▶ RECORDS SHOWN:
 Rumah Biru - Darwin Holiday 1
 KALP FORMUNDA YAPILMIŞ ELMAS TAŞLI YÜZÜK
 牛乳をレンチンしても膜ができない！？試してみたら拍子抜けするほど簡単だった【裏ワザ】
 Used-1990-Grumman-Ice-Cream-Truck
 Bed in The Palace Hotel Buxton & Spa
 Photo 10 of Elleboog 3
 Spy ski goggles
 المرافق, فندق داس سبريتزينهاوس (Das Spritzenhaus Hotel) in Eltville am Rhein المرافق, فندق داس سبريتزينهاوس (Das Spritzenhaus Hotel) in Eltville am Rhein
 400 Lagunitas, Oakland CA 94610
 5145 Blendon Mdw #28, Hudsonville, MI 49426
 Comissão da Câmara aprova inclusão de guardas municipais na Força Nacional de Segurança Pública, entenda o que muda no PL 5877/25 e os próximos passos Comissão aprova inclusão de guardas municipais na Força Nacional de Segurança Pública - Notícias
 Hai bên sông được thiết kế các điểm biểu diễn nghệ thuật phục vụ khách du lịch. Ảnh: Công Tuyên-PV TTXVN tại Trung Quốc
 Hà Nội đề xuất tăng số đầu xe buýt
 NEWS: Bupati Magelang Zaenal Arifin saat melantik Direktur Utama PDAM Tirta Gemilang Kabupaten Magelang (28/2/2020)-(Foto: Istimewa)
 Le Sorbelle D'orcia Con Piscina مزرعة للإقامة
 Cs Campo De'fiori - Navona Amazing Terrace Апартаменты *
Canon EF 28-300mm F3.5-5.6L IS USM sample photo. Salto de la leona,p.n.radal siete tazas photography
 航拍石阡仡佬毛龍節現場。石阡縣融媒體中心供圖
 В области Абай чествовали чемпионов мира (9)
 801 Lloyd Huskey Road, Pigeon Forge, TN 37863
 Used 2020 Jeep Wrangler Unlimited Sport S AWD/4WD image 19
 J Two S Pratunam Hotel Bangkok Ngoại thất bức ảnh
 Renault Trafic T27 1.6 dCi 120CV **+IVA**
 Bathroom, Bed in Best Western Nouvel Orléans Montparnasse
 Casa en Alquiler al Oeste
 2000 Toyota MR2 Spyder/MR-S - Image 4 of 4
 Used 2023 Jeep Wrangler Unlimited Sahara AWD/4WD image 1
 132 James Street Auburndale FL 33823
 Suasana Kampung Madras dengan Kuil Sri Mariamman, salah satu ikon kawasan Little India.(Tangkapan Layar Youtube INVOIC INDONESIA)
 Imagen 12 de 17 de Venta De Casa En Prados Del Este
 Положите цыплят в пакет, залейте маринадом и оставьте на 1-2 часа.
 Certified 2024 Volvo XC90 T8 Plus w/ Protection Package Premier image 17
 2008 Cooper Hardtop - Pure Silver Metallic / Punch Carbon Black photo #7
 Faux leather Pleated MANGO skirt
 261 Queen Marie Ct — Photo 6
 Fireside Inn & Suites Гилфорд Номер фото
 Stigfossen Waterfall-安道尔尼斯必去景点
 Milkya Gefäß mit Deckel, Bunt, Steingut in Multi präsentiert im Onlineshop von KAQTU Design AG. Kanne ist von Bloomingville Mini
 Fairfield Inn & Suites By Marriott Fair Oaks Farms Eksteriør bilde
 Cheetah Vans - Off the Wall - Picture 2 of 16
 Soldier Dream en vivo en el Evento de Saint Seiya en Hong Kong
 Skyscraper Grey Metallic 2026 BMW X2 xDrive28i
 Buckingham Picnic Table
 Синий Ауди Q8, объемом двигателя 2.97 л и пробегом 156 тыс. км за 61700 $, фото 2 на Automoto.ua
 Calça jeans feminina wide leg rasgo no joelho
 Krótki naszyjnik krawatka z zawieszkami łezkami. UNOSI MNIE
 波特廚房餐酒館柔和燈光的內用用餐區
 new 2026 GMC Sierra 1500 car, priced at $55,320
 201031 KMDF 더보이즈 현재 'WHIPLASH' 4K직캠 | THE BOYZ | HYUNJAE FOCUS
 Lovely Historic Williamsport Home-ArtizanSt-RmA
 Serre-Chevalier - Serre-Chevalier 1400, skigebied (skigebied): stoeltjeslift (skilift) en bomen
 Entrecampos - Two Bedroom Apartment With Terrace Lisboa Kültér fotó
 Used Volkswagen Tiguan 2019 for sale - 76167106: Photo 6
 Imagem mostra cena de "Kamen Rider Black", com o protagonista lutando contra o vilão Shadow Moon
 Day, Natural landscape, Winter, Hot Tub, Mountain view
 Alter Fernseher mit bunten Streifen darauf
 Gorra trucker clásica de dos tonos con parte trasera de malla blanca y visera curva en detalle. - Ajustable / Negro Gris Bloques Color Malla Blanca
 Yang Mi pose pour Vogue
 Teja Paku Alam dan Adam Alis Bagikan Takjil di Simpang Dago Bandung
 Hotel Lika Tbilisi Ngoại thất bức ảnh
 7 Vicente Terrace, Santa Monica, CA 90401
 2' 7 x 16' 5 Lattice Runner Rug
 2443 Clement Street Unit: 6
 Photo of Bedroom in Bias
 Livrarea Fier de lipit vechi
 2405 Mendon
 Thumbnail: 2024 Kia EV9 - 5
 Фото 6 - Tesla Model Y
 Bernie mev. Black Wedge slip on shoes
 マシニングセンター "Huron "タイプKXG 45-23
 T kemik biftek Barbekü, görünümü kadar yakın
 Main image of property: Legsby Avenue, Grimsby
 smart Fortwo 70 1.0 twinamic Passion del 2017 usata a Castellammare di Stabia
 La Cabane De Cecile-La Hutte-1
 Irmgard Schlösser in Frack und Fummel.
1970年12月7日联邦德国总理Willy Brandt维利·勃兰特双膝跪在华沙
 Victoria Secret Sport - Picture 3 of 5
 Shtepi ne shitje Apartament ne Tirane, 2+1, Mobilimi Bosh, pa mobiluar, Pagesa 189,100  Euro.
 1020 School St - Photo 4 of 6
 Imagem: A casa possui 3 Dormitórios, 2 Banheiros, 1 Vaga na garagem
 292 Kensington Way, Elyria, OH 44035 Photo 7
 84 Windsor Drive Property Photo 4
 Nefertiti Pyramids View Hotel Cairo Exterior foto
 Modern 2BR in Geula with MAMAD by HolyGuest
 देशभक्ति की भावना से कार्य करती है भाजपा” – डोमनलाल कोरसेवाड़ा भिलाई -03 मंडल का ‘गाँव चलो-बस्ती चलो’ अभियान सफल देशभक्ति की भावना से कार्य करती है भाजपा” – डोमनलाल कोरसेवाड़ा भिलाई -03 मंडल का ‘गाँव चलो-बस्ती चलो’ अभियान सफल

▶ WHAT YOU HAVE TO DO: Please reproduce the lines from the line with "Rhein المرافق, فندق" to the line with "132 James Street Auburndale FL 33823", both ends included, exactly as they appear above.

▶ SOLUTION TO THIS TASK:
 المرافق, فندق داس سبريتزينهاوس (Das Spritzenhaus Hotel) in Eltville am Rhein المرافق, فندق داس سبريتزينهاوس (Das Spritzenhaus Hotel) in Eltville am Rhein
 400 Lagunitas, Oakland CA 94610
 5145 Blendon Mdw #28, Hudsonville, MI 49426
 Comissão da Câmara aprova inclusão de guardas municipais na Força Nacional de Segurança Pública, entenda o que muda no PL 5877/25 e os próximos passos Comissão aprova inclusão de guardas municipais na Força Nacional de Segurança Pública - Notícias
 Hai bên sông được thiết kế các điểm biểu diễn nghệ thuật phục vụ khách du lịch. Ảnh: Công Tuyên-PV TTXVN tại Trung Quốc
 Hà Nội đề xuất tăng số đầu xe buýt
 NEWS: Bupati Magelang Zaenal Arifin saat melantik Direktur Utama PDAM Tirta Gemilang Kabupaten Magelang (28/2/2020)-(Foto: Istimewa)
 Le Sorbelle D'orcia Con Piscina مزرعة للإقامة
 Cs Campo De'fiori - Navona Amazing Terrace Апартаменты *
Canon EF 28-300mm F3.5-5.6L IS USM sample photo. Salto de la leona,p.n.radal siete tazas photography
 航拍石阡仡佬毛龍節現場。石阡縣融媒體中心供圖
 В области Абай чествовали чемпионов мира (9)
 801 Lloyd Huskey Road, Pigeon Forge, TN 37863
 Used 2020 Jeep Wrangler Unlimited Sport S AWD/4WD image 19
 J Two S Pratunam Hotel Bangkok Ngoại thất bức ảnh
 Renault Trafic T27 1.6 dCi 120CV **+IVA**
 Bathroom, Bed in Best Western Nouvel Orléans Montparnasse
 Casa en Alquiler al Oeste
 2000 Toyota MR2 Spyder/MR-S - Image 4 of 4
 Used 2023 Jeep Wrangler Unlimited Sahara AWD/4WD image 1
 132 James Street Auburndale FL 33823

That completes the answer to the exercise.